* **Exercise aim**:
Would you retype the listing below word for word, without any of its pictures?

* **Exercise data**:
================================
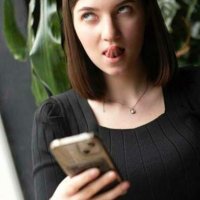 OnlyFans – Viktoriana / @novelcompleteness - Page 23 image 268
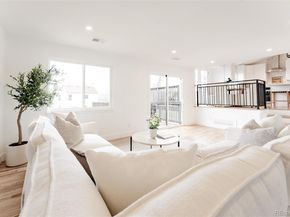 6232 S Owens Court, Littleton CO 80127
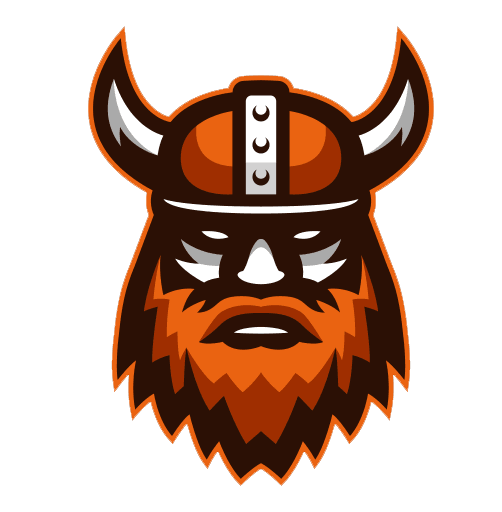 Blaze Realms Survival - Tablolar + Özel Dolaplar + ve Daha Fazlası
================================
* **The answer**:
 OnlyFans – Viktoriana / @novelcompleteness - Page 23 image 268
 6232 S Owens Court, Littleton CO 80127
 Blaze Realms Survival - Tablolar + Özel Dolaplar + ve Daha Fazlası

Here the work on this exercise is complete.